For Day 1 of Cycle 1 (the first time the patient receives the drug) the patient will only receive 100mg out of the 1,000mg SDV. The remaining 900mg is to be administered on Day 2 of Cycle 1. For subsequent administrations, the indicated dosage will be 1,000mg (the entire SDV) as indicated below:
The recommended dose and schedule for the approved regimen is:
Cycle 1: 100 mg intravenously on day 1, 900 mg on day 2, and 1000 mg on days 8 and 15.
Cycles 2-6: 1000 mg administered intravenously every 28 days
0.5 mg/kg orally on days 1 and 15 of each cycle
Because this is a new drug, it will be billed with a Not Otherwise Specified (NOS) drug code until assigned a specific HCPCS code and the claim must contain all the necessary information required when using a NOS code.
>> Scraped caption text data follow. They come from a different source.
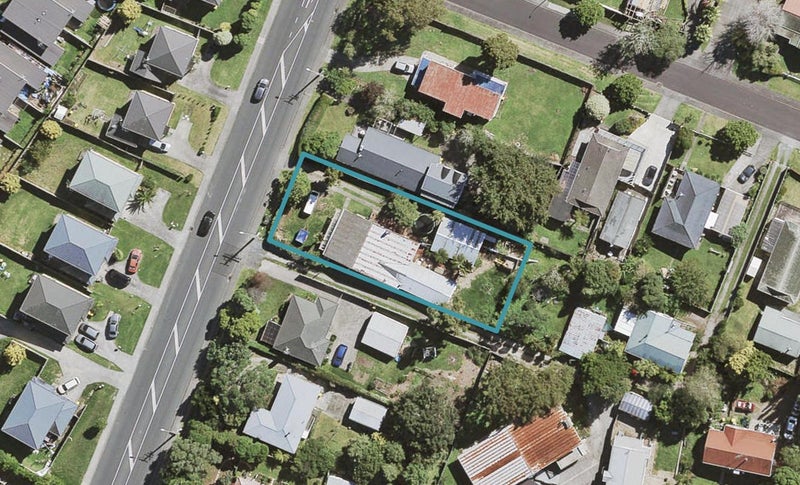 46 Seymour Road, Sunnyvale, Auckland - Carousel 1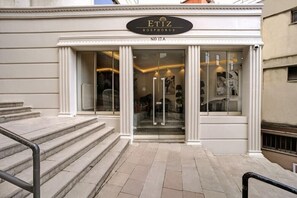 Exterior detail - Molton Kabatas Hotel (Istanbul)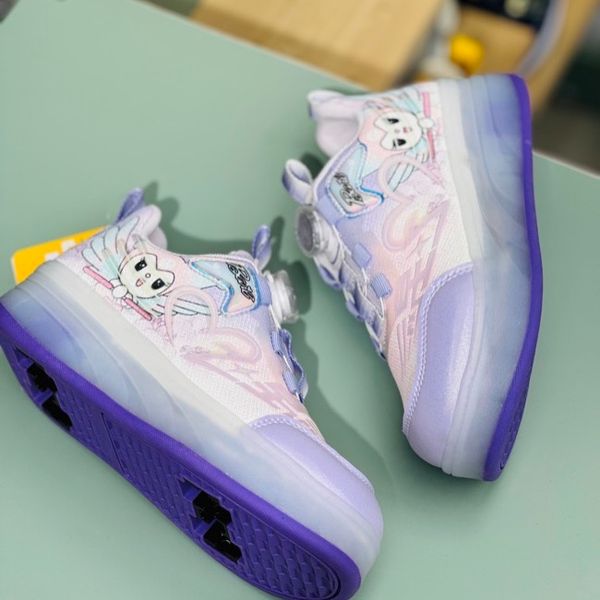 کتونی دخترانه اسکیتی چراغدار طرح کرومی برند KIDS KING کد 4022802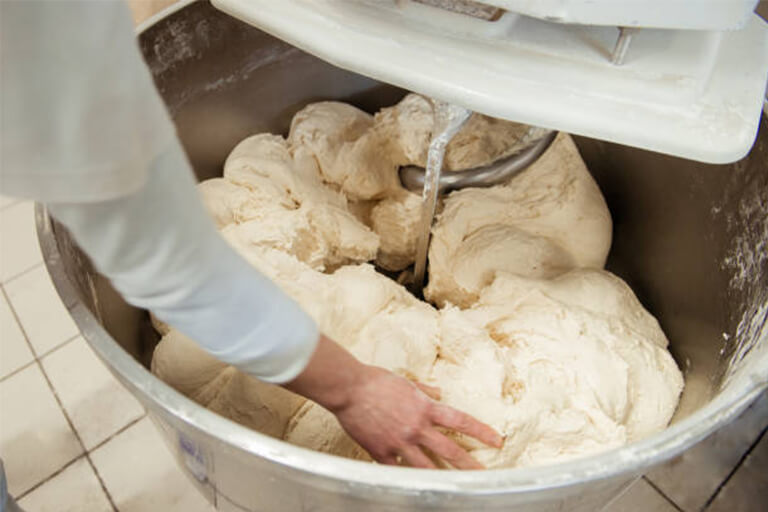 THE ADVANTAGE OF THE SELF-TIPPING DOUGH MIXER MACHINE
Additionally, this drug is only available in a single-dose 1000mg vial and the approved regimen calls for a first dose of only 100mgs. Due to these factors, the following questions will need to be addressed by your payers:
- Is prior-authorization required for this drug?
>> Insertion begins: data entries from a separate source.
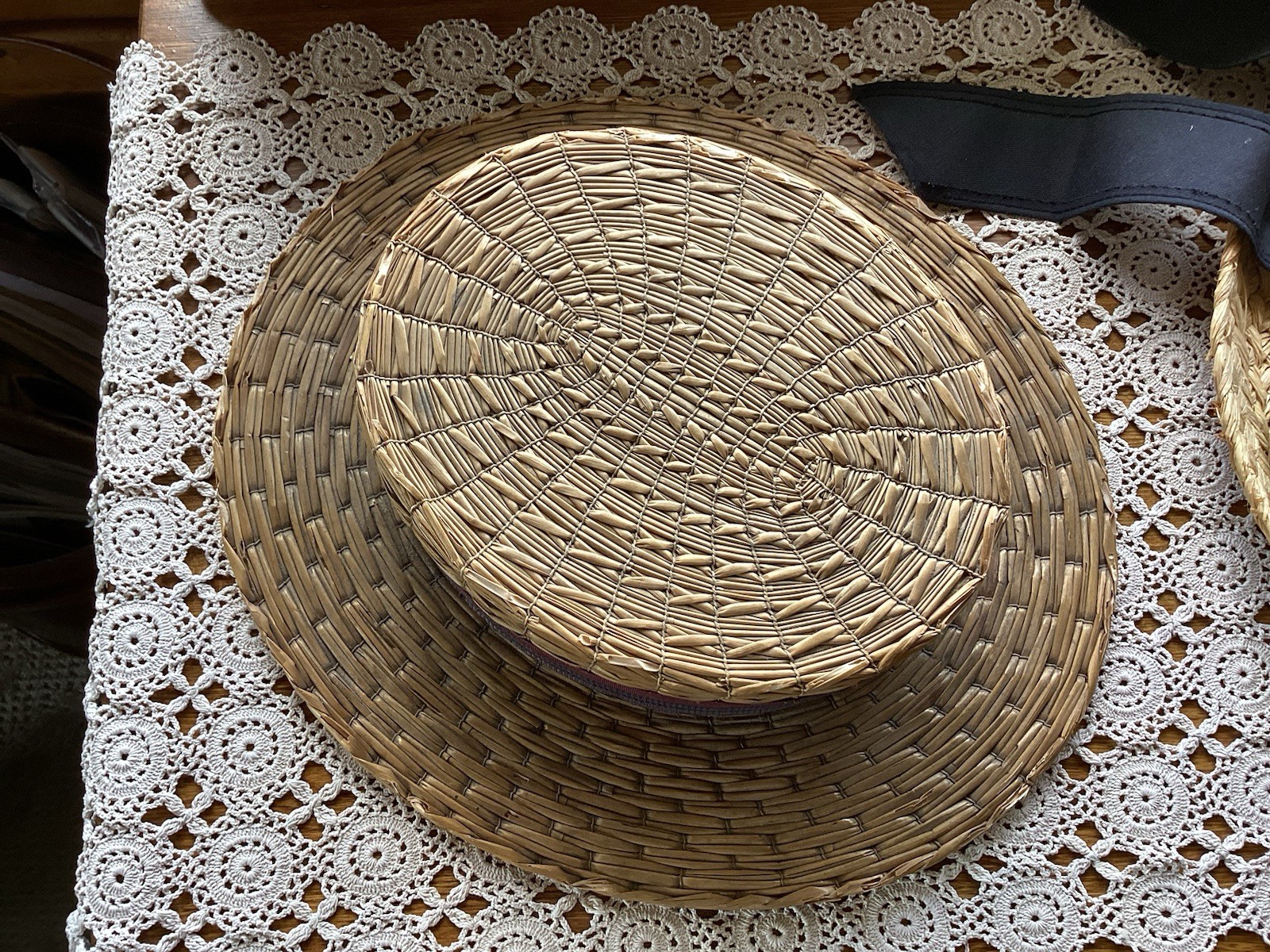 Picture 2 of 19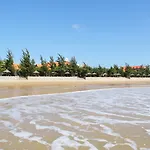 Golden Coast Resort & Spa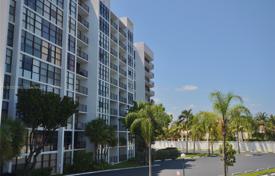 Condominio – Hallandale Beach, Florida, Estados Unidos. $275 000
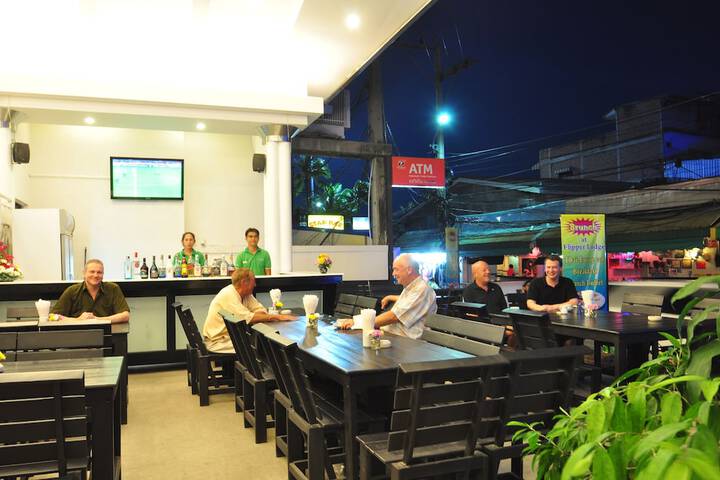 Lounge 58 of 64
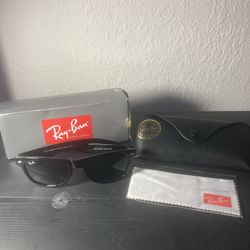 Black Ray Ban Sunglasses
- Should the NOC chemotherapy code J9999 be used for this drug?
- How many units are to be reported on Day 1 of Cycle 1 (to represent 100mg) when we are expecting to administer the remaining 900mg from the same 1,000mg SDV the following day?
- If the NOC billing unit for this drug is 100mg, we could bill exactly for the dose given each day. However, if the NOC billing unit is “1” as it often is for NOC codes, how are we to bill for the first 100mg on Day 1 of Cycle 1 and the remaining 900mg on Day 2 of Cycle 1 – keeping in mind that this is a SDV but the package insert instructions tell us to refrigerate the remainder of the vial to be administered on the next day. See the specific instructions are under the How supplied/storage and handling regarding refrigeration (section 16.1) of the Prescribing Information.
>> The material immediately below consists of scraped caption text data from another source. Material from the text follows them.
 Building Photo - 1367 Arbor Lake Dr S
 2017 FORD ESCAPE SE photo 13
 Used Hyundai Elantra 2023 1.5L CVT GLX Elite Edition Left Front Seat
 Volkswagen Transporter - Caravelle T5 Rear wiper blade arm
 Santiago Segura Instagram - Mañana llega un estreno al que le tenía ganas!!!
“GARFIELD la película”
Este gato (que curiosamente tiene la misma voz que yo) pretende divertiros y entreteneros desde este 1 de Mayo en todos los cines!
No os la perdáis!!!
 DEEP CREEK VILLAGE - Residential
- What other additional information do you need in the notes section to explain the drug/administration?
- Are payers aware of any state regulations (like VA) addressing the mixing, diluting or reconstituting of a sterile product use of SDVs which limits the timeframe to use the drug and would require you to discard the remaining 900mgs in the vial on day 1 and open a new vial on day 2?
Here are the instructions that we have received from Noridian Health Care Solutions, but please be aware that these may change pending new information from Noridian:
For Day 1 Cycle 1, hold the bill until the next day when you know what is going to happen. Submit the claims for Day 1 and Day 2 at the same time. If the second dose is not administered, then you can either submit the entire contents of the SDV on a single claim line, or you may split the two lines indicating that one is wastage (-JW modifier). If the second dose is administered, then you would submit two lines for the administrations and two lines for the drugs. For either scenario, the drug would be billed with J9999 with the name of the drug and the amount administered/wasted in the comment field.
Watch your MAC and other payer bulletins, articles and alerts for specific billing/coding information.